HUKUM MENAFKAHI KELUARGA



           Telah menjadi kodrat dari Allah bahwa yang membedakan manusia dengan makhluk selainnya adalah akal dan hawa nafsu. Jika Allah hanya memberikan akal kepada malaikat, Allah juga memberikan akal kepada manusia. Begitu juga ketika Allah memberikan nafsu kepada hewan, Allah memberikan pula nafsu kepada manusia. Maka sempurnalah manusia dengan segala kelebihan yang dimilikinya.

          Seluruh kehidupan manusia telah diatur secara paripurna oleh Allah SWT melalui perantara Rasul-Nya. Khusus dalam konteks hawa nafsu yang dimiliki setiap manusia, syariat telah memberikan jalan dan garis-garis tersendiri. Syariat memahami betapa vitalnya nafsu sebagai salah satu aksesoris yang Allah berikan kepada manusia dan tidak diberikan kepada malaikat. Terkait hawa nafsu ini, Islam tidak pernah membolehkan, apalagi menganjurkan kepada seluruh pemeluknya untuk melenyapkannya. Sebab, kecenderungan hati setiap manusia kepada nafsu tidak dapat dipungkiri. Ada banyak keinginan-keinginan duniawi yang Islam benarkan dan itu berhak dimiliki oleh manusia yang menginginkannya. Hal ini sesuai dengan yang Allah SWT firmankan dalam Surat Ali-Imron ayat : 14 :

زُيِّنَ لِلنَّاسِ حُبُّ الشَّهَوَاتِ مِنَ النِّسَاءِ وَالْبَنِينَ وَالْقَنَاطِيرِ الْمُقَنْطَرَةِ مِنَ الذَّهَبِ وَالْفِضَّةِ وَالْخَيْلِ الْمُسَوَّمَةِ وَالْأَنْعَامِ وَالْحَرْثِ ذَلِكَ مَتَاعُ الْحَيَاةِ الدُّنْيَا وَاللَّهُ عِنْدَهُ حُسْنُ الْمَآبِ  (14)

Dijadikan indah pada (pandangan) manusia kecintaan kepada apa-apa yang diingini, yaitu: wanita-wanita, anak-anak, harta yang banyak dari jenis emas, perak, kuda pilihan, binatang-binatang ternak dan sawah ladang. Itulah kesenangan hidup di dunia, dan di sisi Allah-lah tempat kembali yang baik (surga).
           
          Sekilas, jika diperhatikan kembali ayat di atas, memang ada banyak sekali hasrat-hasrat (syahwat) yang diingini oleh setiap manusia.
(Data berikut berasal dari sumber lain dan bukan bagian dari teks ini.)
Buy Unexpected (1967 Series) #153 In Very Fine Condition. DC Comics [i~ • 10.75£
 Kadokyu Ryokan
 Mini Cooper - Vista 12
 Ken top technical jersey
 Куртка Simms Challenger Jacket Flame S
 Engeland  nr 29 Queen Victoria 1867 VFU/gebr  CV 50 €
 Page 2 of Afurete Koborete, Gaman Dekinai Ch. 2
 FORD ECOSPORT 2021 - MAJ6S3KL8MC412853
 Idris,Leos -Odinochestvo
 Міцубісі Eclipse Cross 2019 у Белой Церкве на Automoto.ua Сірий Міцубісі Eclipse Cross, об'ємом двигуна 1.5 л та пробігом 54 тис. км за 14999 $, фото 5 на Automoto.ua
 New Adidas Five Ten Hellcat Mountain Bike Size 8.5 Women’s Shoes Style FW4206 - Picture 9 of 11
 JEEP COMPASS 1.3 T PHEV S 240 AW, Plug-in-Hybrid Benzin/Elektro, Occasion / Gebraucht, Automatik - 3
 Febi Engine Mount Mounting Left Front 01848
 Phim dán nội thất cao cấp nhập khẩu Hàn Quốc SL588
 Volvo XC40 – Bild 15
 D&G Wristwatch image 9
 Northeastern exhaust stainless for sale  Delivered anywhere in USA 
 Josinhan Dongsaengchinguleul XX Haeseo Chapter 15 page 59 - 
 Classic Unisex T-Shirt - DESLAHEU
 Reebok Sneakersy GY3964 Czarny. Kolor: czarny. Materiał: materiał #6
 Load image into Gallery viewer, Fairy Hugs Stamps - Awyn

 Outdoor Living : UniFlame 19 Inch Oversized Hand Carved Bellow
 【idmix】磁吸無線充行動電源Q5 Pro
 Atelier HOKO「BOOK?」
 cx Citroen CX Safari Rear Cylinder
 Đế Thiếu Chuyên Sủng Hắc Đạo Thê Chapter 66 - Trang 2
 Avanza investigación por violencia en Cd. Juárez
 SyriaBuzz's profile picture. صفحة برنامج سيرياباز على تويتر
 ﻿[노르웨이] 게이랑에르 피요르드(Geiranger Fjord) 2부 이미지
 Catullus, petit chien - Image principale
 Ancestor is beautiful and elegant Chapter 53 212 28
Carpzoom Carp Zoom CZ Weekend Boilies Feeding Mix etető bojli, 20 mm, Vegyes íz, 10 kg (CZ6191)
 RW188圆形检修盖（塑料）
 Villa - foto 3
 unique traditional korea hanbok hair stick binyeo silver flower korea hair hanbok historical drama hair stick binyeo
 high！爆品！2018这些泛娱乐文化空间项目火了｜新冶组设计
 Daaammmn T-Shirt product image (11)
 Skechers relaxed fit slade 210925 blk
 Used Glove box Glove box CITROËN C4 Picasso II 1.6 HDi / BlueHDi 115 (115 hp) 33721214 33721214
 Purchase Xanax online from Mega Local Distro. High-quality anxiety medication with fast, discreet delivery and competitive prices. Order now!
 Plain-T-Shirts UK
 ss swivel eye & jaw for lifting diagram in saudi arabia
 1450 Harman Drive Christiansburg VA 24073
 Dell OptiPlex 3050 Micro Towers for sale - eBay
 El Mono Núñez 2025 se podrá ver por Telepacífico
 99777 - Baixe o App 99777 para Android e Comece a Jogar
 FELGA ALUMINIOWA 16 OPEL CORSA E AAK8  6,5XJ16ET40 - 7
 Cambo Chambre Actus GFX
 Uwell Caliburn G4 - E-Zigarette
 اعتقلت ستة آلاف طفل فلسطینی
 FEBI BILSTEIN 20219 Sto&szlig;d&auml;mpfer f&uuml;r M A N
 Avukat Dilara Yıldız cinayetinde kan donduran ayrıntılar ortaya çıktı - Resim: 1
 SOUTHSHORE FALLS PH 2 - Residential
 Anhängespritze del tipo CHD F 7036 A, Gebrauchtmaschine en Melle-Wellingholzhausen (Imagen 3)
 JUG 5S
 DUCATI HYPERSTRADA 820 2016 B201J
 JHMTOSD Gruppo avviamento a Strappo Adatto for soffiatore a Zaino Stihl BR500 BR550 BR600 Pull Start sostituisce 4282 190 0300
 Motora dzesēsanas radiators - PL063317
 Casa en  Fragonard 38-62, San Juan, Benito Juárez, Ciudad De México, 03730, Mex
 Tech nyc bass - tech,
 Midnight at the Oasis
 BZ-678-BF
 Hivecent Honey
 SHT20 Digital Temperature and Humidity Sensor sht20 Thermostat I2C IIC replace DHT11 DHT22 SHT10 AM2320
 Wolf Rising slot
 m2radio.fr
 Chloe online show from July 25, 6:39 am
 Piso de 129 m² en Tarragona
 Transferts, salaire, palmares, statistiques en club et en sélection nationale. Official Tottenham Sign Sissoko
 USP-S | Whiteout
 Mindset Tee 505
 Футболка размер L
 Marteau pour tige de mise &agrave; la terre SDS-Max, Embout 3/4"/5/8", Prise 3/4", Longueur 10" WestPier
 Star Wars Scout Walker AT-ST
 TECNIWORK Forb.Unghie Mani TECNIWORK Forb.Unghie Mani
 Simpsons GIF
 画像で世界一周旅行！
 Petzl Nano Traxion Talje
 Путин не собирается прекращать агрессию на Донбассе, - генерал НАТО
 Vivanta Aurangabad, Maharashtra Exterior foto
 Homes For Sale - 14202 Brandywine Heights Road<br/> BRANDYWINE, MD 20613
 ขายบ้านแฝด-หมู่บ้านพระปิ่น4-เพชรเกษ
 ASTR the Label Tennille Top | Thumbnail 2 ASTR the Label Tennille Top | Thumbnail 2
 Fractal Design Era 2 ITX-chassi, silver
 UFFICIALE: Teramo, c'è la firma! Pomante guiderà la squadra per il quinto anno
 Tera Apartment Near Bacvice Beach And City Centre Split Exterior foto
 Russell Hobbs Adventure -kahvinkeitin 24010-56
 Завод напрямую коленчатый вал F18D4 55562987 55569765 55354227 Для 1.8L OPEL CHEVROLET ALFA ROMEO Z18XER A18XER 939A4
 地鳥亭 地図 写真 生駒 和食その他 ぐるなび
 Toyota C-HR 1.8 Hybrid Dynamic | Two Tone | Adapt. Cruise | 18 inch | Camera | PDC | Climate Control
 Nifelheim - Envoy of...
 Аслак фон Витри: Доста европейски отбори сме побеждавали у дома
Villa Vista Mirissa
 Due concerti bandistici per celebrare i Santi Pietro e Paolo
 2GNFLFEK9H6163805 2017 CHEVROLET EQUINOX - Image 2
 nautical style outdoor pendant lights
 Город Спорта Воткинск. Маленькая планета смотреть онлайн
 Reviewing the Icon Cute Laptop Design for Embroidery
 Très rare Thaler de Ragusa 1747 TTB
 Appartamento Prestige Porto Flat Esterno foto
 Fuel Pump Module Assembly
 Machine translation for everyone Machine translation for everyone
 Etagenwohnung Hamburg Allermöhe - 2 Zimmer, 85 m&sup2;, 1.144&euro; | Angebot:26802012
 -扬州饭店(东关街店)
Akan tetapi, Allah SWT menyebutkan wanita (nisa), dalam ayat di atas berada pada posisi keinginan yang paling pertama, sebelum anak-anak, harta dalam macam emas, perak, kendaraan, dll. Ayat ini menyiratkan makna tentang hasrat atau nafsu kepada wanita pasti dimiliki oleh setiap orang. Lain halnya dengan harta. Hanya sekelompok orang tertentu yang dapat memiliki dan memanfaatkannya. Dengan kata lain, setiap laki-laki yang normal pasti menginginkan wanita, begitupun wanita menginginkan lelaki. Agama Islam jelas tidak melarang setiap manusia untuk menginginkan keinginan-keinginan seperti yang Allah firmankan dalam ayat sebelumnya, termasuk untuk menumpahkan hasrat nafsu lelaki kepada seorang wanita, begitu juga wanita kepada seorang lelaki.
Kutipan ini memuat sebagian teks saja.